Vers un troisième sexe ?

La Cour suprême de l’Australie vient de reconnaître à un individu la possibilité de ne pas s’inscrire comme appartenant à l’un ou l’autre sexe. En effet, Norry May-Welby, une personne transsexuelle, ne souhaitant pas être considérée (aux effets de l’état civil) ni comme homme, ni comme femme, se battait depuis quatre ans pour que la justice lui donne cette possibilité.

La Cour suprême de l’Australie vient de reconnaître à un individu la possibilité de ne pas s’inscrire comme appartenant à l’un ou l’autre sexe. En effet, Norry May-Welby, une personne transsexuelle, ne souhaitant pas être considérée (aux effets de l’état civil) ni comme homme, ni comme femme, se battait depuis quatre ans pour que la justice lui donne cette possibilité. De son côté, l’Allemagne a adopté une loi en 2013 selon laquelle les enfants intersexués pourront être déclarés à l’état civil de « sexe indéterminé » et auront par la suite la possibilité soit de garder cette identité neutre, soit de choisir, à n’importe quel moment, une identité masculine ou féminine.

A l’occasion de ces décisions historiques, j’aimerais me saisir de la question relative à la pertinence de l’utilisation de la catégorie sexe en tant qu’identification obligatoire des personnes. D’abord pour rappeler que la possibilité d’un genre neutre n’est pas nouvelle, elle avait été évoquée à la fin du XIXe siècle par le fondateur de la médecine légale, Alexandre Lacassagne qui militait pour une réforme de l’article 57 du code civil français afin d’« imposer un examen médical à la puberté qui statuera le sexe et l’inscription comme homme, femme ou neutre sur les registres d’état civil »[1]. Mais sa proposition n’a jamais prospérée.

Plutôt que de reconnaître un sexe neutre, il s’avèrerait plus pertinent de considérer que le genre est une donnée intime qui doit échapper à l’Administration de l’état civil.
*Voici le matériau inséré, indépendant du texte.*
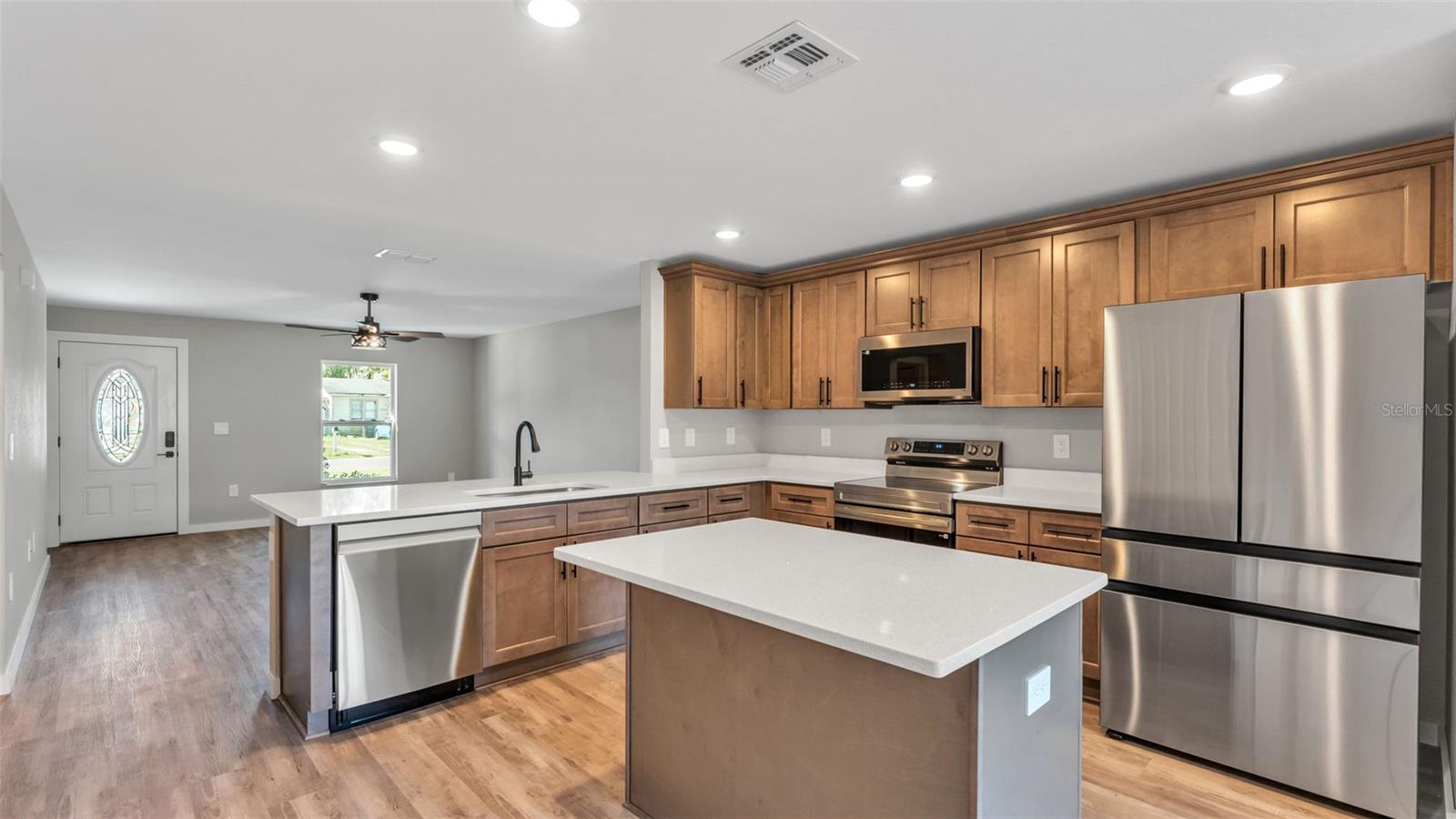 COUNTRY CLUB ESTATES RESUB PT - Residential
Or, force est de constater que depuis leur naissance, les individus sont juridiquement classés en deux sexes. Cette assignation semble si naturelle que son questionnement était jusqu’à récemment impensable. L’appartenance aux catégories «mâle» ou «femelle» s’impose à nous comme incontestable et détermine, de surcroit, certains droits et obligations spécifiques pour chaque groupe sexué. La fin du classement juridique des individus en fonction du sexe permettra de régler non seulement les discriminations envers les personnes transidentitaires et intersexuelles mais mettra un terme également à la prohibition de la PMA, réservée aujourd’hui aux couples de sexe différent.
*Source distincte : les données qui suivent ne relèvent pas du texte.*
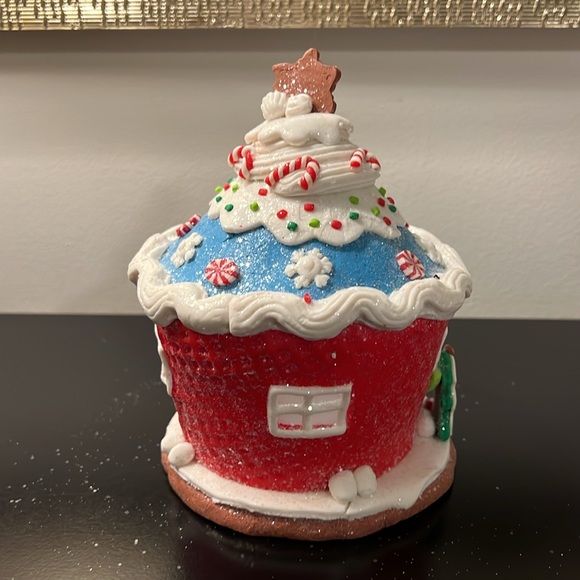 Light Up Gingerbread House - Picture 5 of 11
La catégorie sexe constitue une barrière pour l’égalité des personnes. Comme critérium d’État tendant à l’identification officielle des individus, le genre alimente l’illusion naturaliste de l’existence de deux réalités clairement distinctes. Or, la sociologie met de manifeste que la distinction entre les hommes et les femmes, provient plutôt des constructions idéologiques et sociales que des caractéristiques invariables et naturelles. C’est dans les rapports historiques de domination qui se sont forgés les caractères féminin et masculin de telle sorte que le sexe est le résultat de cette histoire et non pas l’expression spontanée d’une concordance avec la réalité biologique. Les intersexes sont les premières victimes de cette logique binaire des genres. N’ayant pas un sexe clairement défini, ces personnes sont assignées d’office et prématurément à l’une ou l’autre des catégories. Concernant les personnes transidentitaires, la fin du mot sexe dans les documents de l’état civil éviterait de les soumettre au processus de médicalisation. Sans aller jusqu’à faire disparaître cette catégorie des actes de l’état civil, le droit argentin, depuis 2010, fait dépendre l’assignation juridique à l’un ou l’autre sexe exclusivement de l’individu (droit subjectif à changer de sexe) et non pas d’un ordre quelconque qui le dépasse (ordre public, ordre symbolique ou justification médicale).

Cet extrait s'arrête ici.